Here are some facts that may surprise you.
- In a survey of 1200 firms it was found that 37% of their salesperson’s time was spent selling face to face or by phone. 63% of their time was not spent selling.
- 21% of their time was spent on lead generation/account research
- 48% of salespeople NEVER follow up with a prospect
- 25% of salespeople make a second contact and stop
- 12% of salespeople only make three contacts and stop
- Only 10% of salespeople make more than three contacts
Now with all that, here are the results concerning success/making the sale:
- 2% of sales are made on the first contact
- 3% of sales are made on the second contact
- 5% of sales are made on the third contact
- 10% of sales are made on the fourth contact
- 80% of sales are made on the fifth to twelfth contact
Yes, as salespeople we are spending less time selling and less time following up with contacts. Whatever your definition of selling, salespeople need to spend more time in front of the prospect “following up”.
Here are some good follow up techniques.
- A sense of urgency- do not worry about being pushy. Obviously from the statistics the pushy salesperson is in the overwhelming minority. After the first call (if the prospect is interested) send an email or make a phone call within 24 hours.
Send your follow up emails after 5:00 p.m. the day you see your prospect or the next day before your day starts. The email should say something like this, “It was nice to meet you. Our company can help you save time and money (explain how). I look forward to seeing you again on (put follow up date or follow up phone call). If you have questions or thoughts call or email me at ….” If you do not email them, call them with the same kind of message.
Whichever you choose, make contact with your prospect within 24 hours of the first meeting. Surveys say only 7% of salespeople do this 100% of the time. It’s your job. Just do it!
- Never leave your first call on an interested prospect without follow up scheduled. When you do not schedule your second contact with a prospect at the end of the first contact you have turned control of the sales cycle over to the prospect. “I will call you Tuesday” is not a scheduled follow up. “I will call you on Tuesday at 9:00 a.m. What is the best number to call?” is a scheduled follow up.
When the second follow up is not scheduled you can spend hours trying to chase down the prospect. This is bad because time kills deals and your time in precious. When the second meeting or call is not scheduled you will waste your time.
- Drip on your prospect regularly. Let’s say your sales cycle is longer than two weeks. You cannot just keep calling your prospect. They will think you’re a pest. Get creative. One thought is to get someone else in the company to send them an email. Maybe it is your sales manager, the CEO or the director of customer service. Anyone in your company that sends an email adds to the feeling of importance for the customer and adds weight to your company’s impression.
We have a canned email that goes out from the CEO that lets the prospect know he has been called upon. In addition, the email from the CEO encourages the prospect to call or email. This touch from the CEO is unique. Other companies just don’t do it.

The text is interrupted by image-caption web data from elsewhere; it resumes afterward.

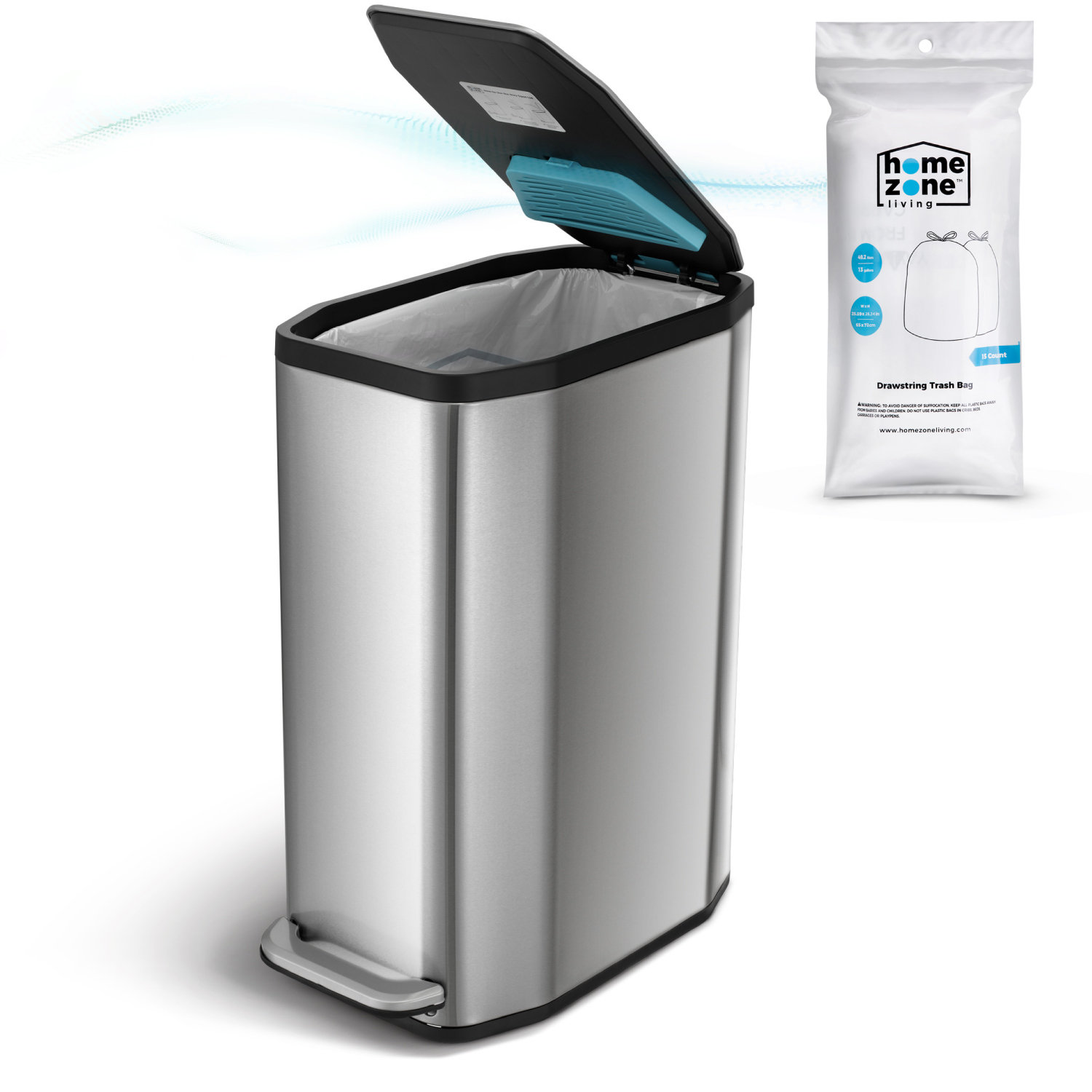 Vibrant Stainless Steel 13 Gallon Garbage Can Photo for Mobile Vibrant Stainless Steel 13 Gallon Garbage Can Photo for Mobile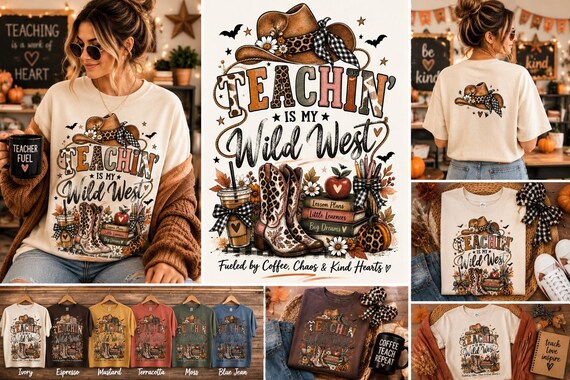 Western Teacher Shirt, Fall Teacher T-Shirt, Teachin Is My Wild West Tee, Cowgirl Teacher Shirt, Halloween Teacher Gift, Retro Teacher Tee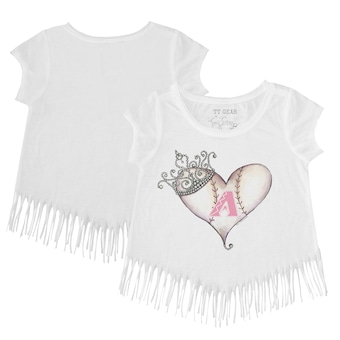 Girls Toddler Arizona Diamondbacks Tiny Turnip White Baseball Tiara Heart Fringe T-Shirt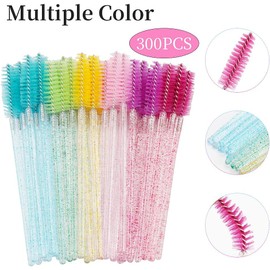 300 Cepillos de Cristal para Pestañas, Cejas Y Extensiones de Pestañas con Mango de Colores (6 Colores Surtidos).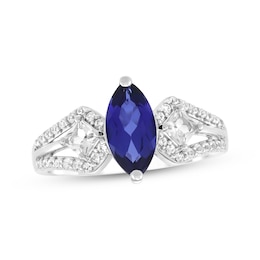 Marquise-Cut Blue Lab-Created Sapphire & White Lab-Created Sapphire Ring Sterling Silver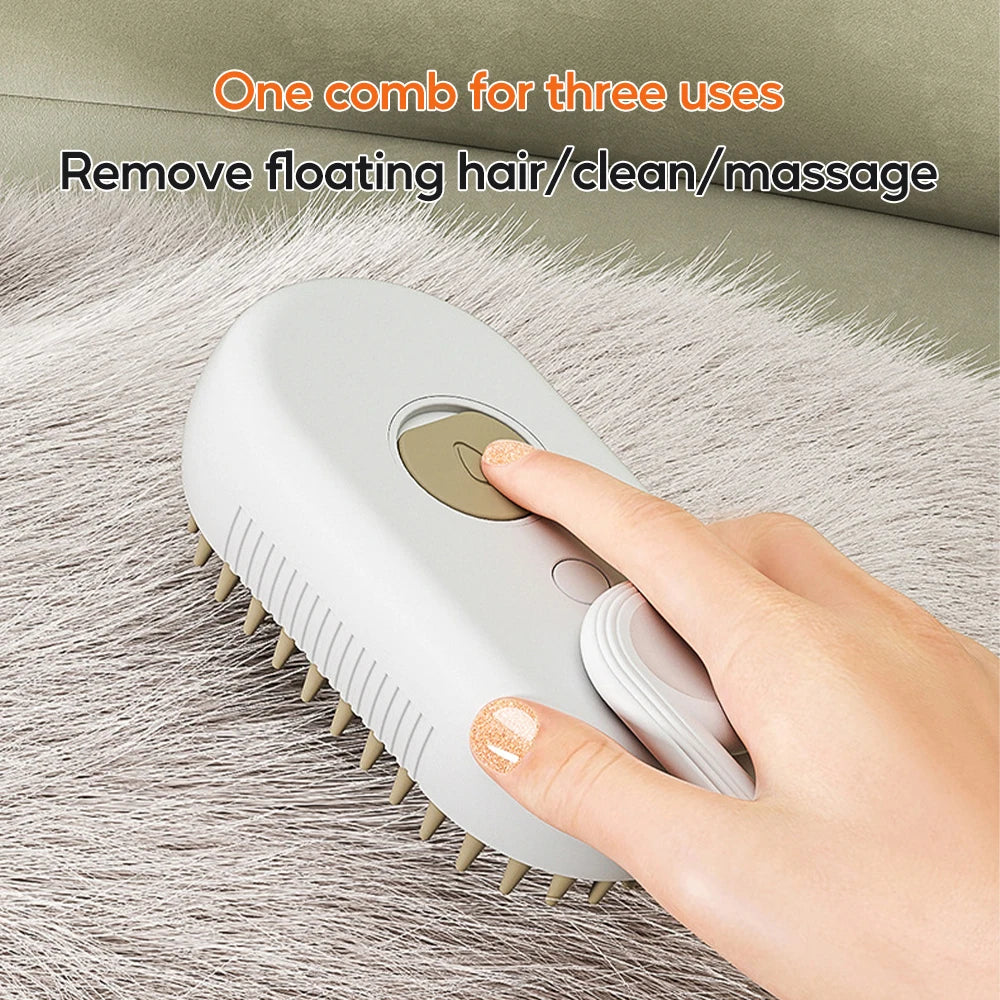 The Life Desire 3 in 1 Pet Electric Steam Brush Cat and Dog Cleaning Spray Massage Grooming Comb Retractable Handle Pet Hair Removal Beautybrush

Another follow up email might include testimonials from satisfied customers. The email should say something like, “Bill, here are some things our customers had to say about us. Any questions give me a call.” Further follow up emails might be an article of interest to the prospect. Either an industry specific article or something you know would be of personal interest. I have sent prospects articles about baseball, health issues and even their universities. The point is, find something of interest and then drip, drip, drip. Ask anyone who does this faithfully and they will tell you it works.
So if you believe the statistics, never have a live contact with the prospect without scheduling the next contact and follow up. Do this as if your life depends on it. You will make better use of that 37% of the time you are actually in front of the prospect.